We now define the local covariance matrix associated with an event i.e. when a susceptible node becomes infected, or an infected node recovers. This is calculated as follows,

$$\begin{aligned} \mathbf G _{ij} = \sum _{e\in \mathcal E } f_e \Delta \mathbf p _{i,e} \Delta \mathbf p _{j,e} \text{, } \end{aligned}$$
(14)

where \(e \in \mathcal E \) means that \(e\) is either an infection or recovery event associated with a particular neighbourhood. Using the early growth Ansatz, specifically ignoring terms \(O([I]^2)\), we find that this can be written as \(\hat{\mathbf{G }}[I](t)\), where \( \hat{\mathbf{G }}\) is constant. We can now use the following equation from Dangerfield et al. (2009), which is again derived from the theoretical work of Kurtz (1970; 1971),

$$\begin{aligned} r \varvec{\sigma }^2 -\mathbf B \varvec{\sigma }^2 - \varvec{\sigma }^2 \mathbf B ^{T} = \left[ \hat{\mathbf{G }} \text{ exp }(r t) - \text{ exp }(\mathbf B t)\hat{\mathbf{G }}\text{ exp }(\mathbf B t)^T \right] \tilde{I}\text{, } \end{aligned}$$
(15)

where \(\varvec{\sigma }^2\) is the time dependent covariance matrix of our state variables \(\mathbf p , r\) is the early exponential growth rate, \(\mathbf B \) is the Jacobian of the fluid limit of our system (8), evaluated using the early growth Ansatz (12) and (13), and \(\hat{\mathbf{G }}\) is given above. The aim is to find an expression for \(\varvec{\sigma }^2\), as this will give us the variance of the epidemic during the early growth phase.

We now give specific details of how the various matrices in the above equation can be calculated. To calculate \(\hat{\mathbf{G }}\), we calculate the matrix \(\mathbf G \) and then divide by \([I](t)\). To do this we substitute in the changes in variables \(\Delta \mathbf p \), which are given above by (5).
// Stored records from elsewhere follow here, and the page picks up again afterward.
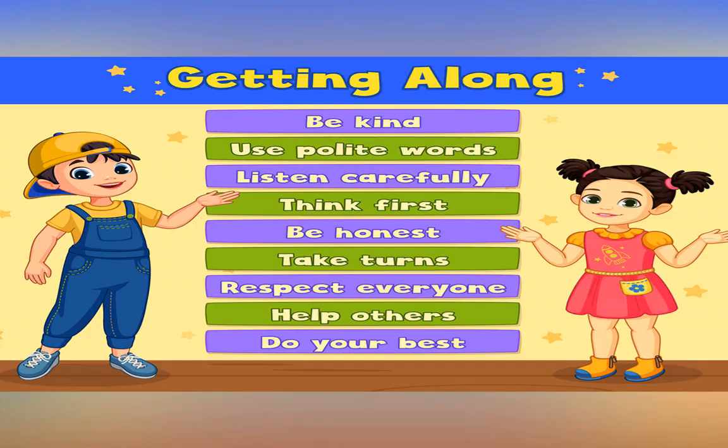Always remember these things: be kind, use polite words, listen carefully, think first, be honest, take turns, respect everyone, help others, do your best.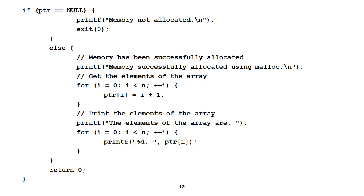We will get a message on the screen: 'Memory successfully allocated using malloc.' Now we want to get the elements of the array. If we declared 100 elements, we get numbers 1 to 100; if 10 elements, then 1 to 10. For that purpose we declared a loop starting from 0 and going to less than n, since array indexing starts from 0. We use the integer variable i with pre-increment.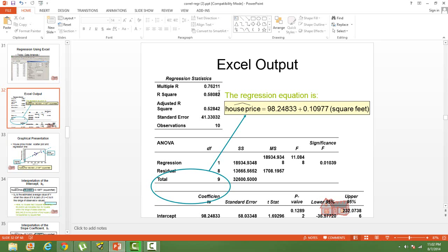Usually we find that R-square lies between 0 and 1. In rare cases you will find it to be 0 or 1 — 1 means a perfect model, and 0 means it is completely imperfect and does not explain anything about the data. In our case, R-square is 58%. If you can build the model such that R-square becomes 70% or 0.7, that becomes a better model. You compare models by looking at the R-square.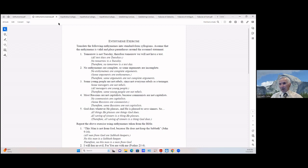Let's repeat the above exercise using enthymemes from the Bible. John 9:16: 'This man is not from God because he does not keep the Sabbath.' In standard form: (All men from God are Sabbath keepers) / No this man is a Sabbath keeper / Therefore no this man is a man from God.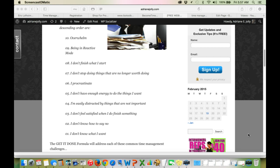But again, the Get It Done Formula that we're going to launch on Tuesday is going to address each one of these common time management challenges. So I can't wait to see you there.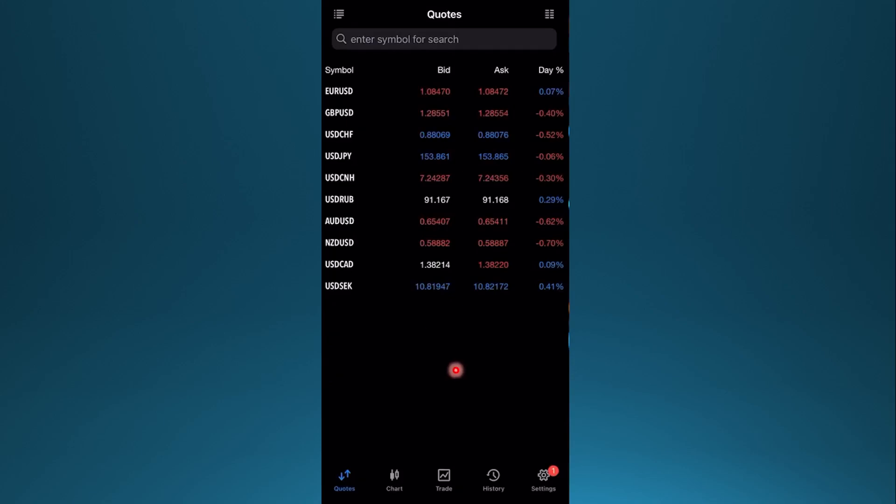Hey guys, in this video I'll show you how to fix MetaTrader 5 not enough money on mobile.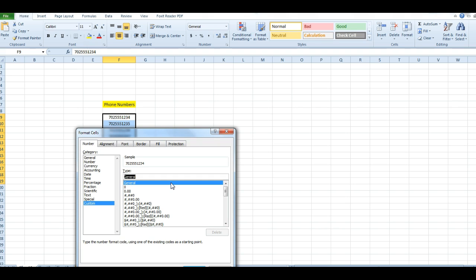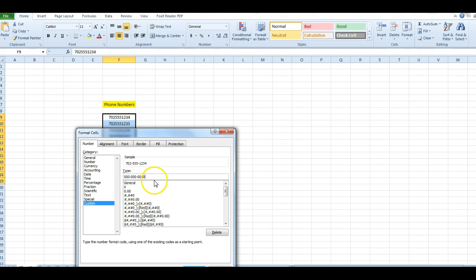We're going to use this formatting: 0 0 0 dash 0 0 0 dash 0 0 0 0. Again, there are nine digits here. If you have a social security number, you would do the formatting exactly like that as well. Any other sequence of numbers you want with dashes in specific spots, do it in that format.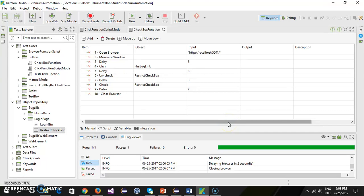Hello everyone. In this video I am going to discuss the same set of functions using the script mode.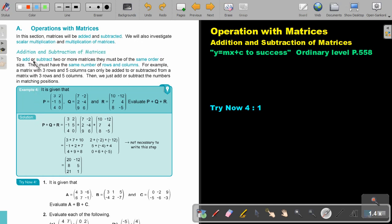But first, in this video, we will just concentrate on addition and subtraction of matrices. To add or subtract two or more matrices, they must be of the same order or size — they must have the same number of rows and columns. For example, a matrix with three rows and five columns can only be added or subtracted from a matrix with three rows and five columns. Then we just add or subtract the numbers in matching positions. This is very important.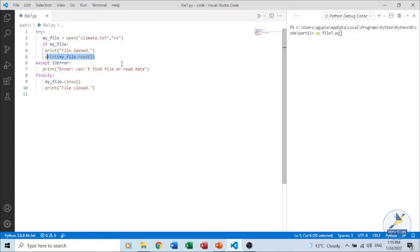Before we move further, let us talk about the file pointer. When we open a file in any mode, there is a cursor position in the file known as the file pointer. It helps in reading, writing, and retrieving data from specific positions. When we open a file in read mode or write mode the cursor is positioned at the beginning of the file, whereas in append mode the cursor is at the end of the file.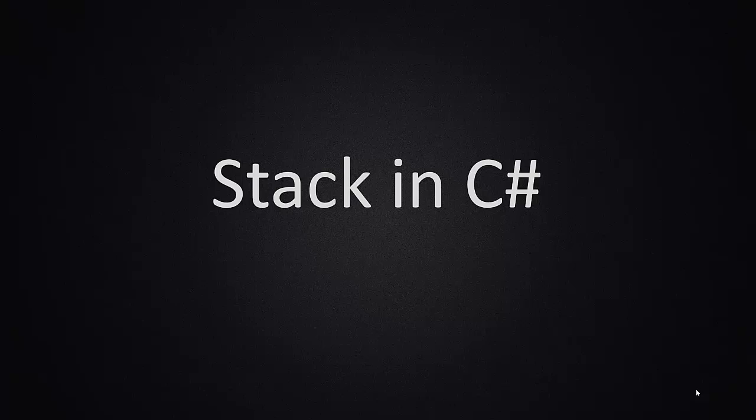This video is going to demonstrate how to implement a basic stack in C-Sharp.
This means that we can write \(\mathbf G \) as follows,

$$\begin{aligned} \mathbf G = \tau \sum _{k,x,y} y [S_k] D^S_{x,y,k} \mathbf F _{\tau } +\gamma \sum _{k,x} [I_k] D^I_{x,k} \mathbf F _{\gamma } \text{, } \end{aligned}$$
(16)

where

$$\begin{aligned} \mathbf F _{\tau } \!=\!\left( \begin{array}{c@{\quad }c@{\quad }c@{\quad }c} \frac{\delta _{1,k}}{N^2 d_1^2} &{} -\frac{\delta _{1,k}}{N d_1} &{} \frac{2 x \delta _{1,k}}{N d_1} &{} \frac{(y-x) \delta _{1,k}}{N d_1}\\ -\frac{\delta _{1,k}}{N d_1} &{} 1 &{} -2 x &{} x-y \\ \frac{2 x \delta _{1,k}}{N d_1} &{} -2 x &{} 4 x^2 &{} 2 x (y-x) \\ \frac{(y-x) \delta _{1,k}}{N d_1} &{} x-y &{} 2 x (y-x) &{} (x-y)^2 \end{array}\right) \text{, } \quad \mathbf F _{\gamma }\!=\!\left( \begin{array}{c@{\quad }c@{\quad }c@{\quad }c} 0 &{} 0 &{} 0 &{} 0 \\ 0 &{} 1 &{} 0 &{} x \\ 0 &{} 0 &{} 0 &{} 0 \\ 0 &{} x &{} 0 &{} x^2 \end{array}\right) \text{, }\nonumber \\ \end{aligned}$$
(17)

are the outer products of the change in each variable vectors \(\Delta \mathbf p _\tau \) and \(\Delta \mathbf p _\gamma \).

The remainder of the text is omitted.